BEGIN

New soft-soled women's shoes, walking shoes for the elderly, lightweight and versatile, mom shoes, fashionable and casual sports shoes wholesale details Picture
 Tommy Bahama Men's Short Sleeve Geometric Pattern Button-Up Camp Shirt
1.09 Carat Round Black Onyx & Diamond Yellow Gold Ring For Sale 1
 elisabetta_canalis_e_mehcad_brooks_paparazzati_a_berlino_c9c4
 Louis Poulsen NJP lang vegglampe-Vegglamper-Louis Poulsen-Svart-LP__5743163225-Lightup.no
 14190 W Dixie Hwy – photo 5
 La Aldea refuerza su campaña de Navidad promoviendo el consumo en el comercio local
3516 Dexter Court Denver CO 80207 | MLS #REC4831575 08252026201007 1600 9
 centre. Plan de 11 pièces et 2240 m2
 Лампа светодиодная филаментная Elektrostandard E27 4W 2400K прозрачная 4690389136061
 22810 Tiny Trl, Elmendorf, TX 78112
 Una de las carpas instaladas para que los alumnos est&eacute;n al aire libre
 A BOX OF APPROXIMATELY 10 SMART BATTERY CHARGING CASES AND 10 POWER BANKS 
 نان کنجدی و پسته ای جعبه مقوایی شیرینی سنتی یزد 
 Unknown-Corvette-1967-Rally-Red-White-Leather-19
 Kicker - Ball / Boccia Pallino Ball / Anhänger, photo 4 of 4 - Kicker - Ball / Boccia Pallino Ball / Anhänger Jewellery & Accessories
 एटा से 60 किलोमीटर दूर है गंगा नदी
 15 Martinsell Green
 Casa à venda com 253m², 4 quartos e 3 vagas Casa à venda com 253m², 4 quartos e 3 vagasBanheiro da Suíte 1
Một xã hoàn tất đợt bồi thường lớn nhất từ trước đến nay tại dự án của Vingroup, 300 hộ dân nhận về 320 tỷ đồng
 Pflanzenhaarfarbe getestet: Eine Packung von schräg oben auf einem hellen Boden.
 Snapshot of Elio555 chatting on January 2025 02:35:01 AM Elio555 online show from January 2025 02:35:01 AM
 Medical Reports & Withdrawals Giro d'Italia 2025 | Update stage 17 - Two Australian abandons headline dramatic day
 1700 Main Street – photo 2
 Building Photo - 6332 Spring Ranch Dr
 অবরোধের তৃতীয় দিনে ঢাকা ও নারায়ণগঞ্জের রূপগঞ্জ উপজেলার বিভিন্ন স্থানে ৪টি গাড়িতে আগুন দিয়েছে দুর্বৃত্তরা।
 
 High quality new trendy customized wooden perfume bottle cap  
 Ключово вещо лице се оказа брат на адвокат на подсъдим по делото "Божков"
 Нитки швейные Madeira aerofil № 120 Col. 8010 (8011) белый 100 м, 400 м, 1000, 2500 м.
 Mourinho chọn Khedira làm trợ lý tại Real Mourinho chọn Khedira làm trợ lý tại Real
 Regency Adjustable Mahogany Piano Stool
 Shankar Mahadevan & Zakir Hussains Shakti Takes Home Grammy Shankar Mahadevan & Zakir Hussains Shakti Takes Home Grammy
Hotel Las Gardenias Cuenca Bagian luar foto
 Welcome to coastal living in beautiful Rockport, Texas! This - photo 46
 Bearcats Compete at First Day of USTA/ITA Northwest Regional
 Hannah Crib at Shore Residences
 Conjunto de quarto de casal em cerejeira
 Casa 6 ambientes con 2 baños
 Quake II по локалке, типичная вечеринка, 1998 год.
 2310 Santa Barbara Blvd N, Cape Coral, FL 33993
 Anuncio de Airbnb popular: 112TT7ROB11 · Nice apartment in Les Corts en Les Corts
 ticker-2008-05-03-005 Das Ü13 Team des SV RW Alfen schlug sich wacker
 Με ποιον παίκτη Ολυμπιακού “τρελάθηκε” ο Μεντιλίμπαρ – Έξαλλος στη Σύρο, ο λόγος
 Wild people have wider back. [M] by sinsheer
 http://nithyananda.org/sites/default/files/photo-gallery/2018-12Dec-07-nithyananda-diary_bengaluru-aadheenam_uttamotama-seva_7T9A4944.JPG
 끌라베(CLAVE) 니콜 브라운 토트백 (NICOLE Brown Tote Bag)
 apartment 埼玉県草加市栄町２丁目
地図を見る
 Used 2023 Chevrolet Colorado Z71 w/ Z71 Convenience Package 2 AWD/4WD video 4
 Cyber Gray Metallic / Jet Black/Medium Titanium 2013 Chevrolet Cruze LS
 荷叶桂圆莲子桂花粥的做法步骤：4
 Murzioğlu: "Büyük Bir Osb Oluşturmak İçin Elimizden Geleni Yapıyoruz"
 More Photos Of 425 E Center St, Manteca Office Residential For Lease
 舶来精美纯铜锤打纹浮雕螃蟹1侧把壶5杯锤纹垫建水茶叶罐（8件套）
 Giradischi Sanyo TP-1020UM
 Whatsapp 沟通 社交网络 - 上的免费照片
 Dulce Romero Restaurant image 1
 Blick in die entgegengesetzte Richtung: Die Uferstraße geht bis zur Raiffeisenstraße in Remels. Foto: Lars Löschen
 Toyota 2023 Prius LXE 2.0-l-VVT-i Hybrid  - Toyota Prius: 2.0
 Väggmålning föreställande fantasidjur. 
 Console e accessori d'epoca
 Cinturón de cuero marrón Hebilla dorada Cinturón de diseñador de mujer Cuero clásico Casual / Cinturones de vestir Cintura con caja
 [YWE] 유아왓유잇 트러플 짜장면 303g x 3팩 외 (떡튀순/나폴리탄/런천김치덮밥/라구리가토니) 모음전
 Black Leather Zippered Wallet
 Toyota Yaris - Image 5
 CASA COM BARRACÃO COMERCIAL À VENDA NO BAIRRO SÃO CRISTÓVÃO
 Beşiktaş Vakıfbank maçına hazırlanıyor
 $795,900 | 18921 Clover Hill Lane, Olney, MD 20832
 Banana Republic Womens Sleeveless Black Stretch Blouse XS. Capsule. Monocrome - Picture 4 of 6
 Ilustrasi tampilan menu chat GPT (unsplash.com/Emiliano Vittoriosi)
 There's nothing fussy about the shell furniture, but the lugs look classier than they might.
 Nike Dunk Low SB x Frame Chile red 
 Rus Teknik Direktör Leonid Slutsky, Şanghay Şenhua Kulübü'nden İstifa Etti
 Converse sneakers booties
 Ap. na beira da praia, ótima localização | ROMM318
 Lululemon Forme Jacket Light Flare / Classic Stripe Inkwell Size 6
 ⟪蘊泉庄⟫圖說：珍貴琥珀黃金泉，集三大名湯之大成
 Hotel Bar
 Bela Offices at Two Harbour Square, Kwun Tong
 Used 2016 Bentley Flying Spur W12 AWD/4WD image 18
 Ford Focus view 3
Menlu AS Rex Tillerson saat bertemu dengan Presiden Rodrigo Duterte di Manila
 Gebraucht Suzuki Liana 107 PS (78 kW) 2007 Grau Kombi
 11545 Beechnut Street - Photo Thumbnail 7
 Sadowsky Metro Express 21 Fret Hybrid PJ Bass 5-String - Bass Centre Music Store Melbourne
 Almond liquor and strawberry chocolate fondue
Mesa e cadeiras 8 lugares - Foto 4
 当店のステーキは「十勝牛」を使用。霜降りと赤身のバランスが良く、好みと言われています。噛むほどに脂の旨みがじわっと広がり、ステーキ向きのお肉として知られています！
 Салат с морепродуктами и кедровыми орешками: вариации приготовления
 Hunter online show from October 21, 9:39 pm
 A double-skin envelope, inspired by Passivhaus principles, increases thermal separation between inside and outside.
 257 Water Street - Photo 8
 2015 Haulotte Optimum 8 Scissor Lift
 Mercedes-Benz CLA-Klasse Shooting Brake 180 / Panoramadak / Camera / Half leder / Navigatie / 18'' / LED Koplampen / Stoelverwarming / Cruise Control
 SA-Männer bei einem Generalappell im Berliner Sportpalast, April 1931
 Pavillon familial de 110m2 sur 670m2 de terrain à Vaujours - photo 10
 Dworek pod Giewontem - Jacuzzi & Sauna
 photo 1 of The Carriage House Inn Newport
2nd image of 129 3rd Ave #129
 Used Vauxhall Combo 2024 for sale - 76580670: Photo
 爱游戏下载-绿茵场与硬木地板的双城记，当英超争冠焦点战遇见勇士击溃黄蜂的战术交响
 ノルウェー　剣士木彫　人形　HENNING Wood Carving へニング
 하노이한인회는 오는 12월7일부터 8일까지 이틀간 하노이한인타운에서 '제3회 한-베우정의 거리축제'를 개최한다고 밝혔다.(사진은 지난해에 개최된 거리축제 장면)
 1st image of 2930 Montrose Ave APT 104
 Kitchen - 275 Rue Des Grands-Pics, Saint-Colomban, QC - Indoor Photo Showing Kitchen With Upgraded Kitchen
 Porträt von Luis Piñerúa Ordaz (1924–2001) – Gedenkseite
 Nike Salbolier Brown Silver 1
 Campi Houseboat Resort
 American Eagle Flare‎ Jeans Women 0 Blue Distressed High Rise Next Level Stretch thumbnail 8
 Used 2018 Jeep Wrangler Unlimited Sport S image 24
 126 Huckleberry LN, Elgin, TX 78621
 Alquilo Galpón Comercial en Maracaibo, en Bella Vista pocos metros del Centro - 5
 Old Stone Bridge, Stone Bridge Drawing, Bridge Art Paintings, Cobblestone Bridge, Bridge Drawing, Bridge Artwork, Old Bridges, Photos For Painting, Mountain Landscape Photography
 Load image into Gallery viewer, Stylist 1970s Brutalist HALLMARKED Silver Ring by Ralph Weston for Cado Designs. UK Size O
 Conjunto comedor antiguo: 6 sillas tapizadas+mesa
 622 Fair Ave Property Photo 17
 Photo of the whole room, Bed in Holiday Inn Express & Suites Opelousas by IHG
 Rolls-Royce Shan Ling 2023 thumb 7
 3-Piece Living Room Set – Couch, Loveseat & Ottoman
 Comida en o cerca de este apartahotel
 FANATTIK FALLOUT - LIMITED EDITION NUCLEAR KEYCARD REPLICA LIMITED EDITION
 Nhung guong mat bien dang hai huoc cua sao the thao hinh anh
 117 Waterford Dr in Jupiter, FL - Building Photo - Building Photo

END

Within the records, filter for lines that contain the word "Silver" and show each one.

- Your response:
 Nike Salbolier Brown Silver 1
 Load image into Gallery viewer, Stylist 1970s Brutalist HALLMARKED Silver Ring by Ralph Weston for Cado Designs. UK Size O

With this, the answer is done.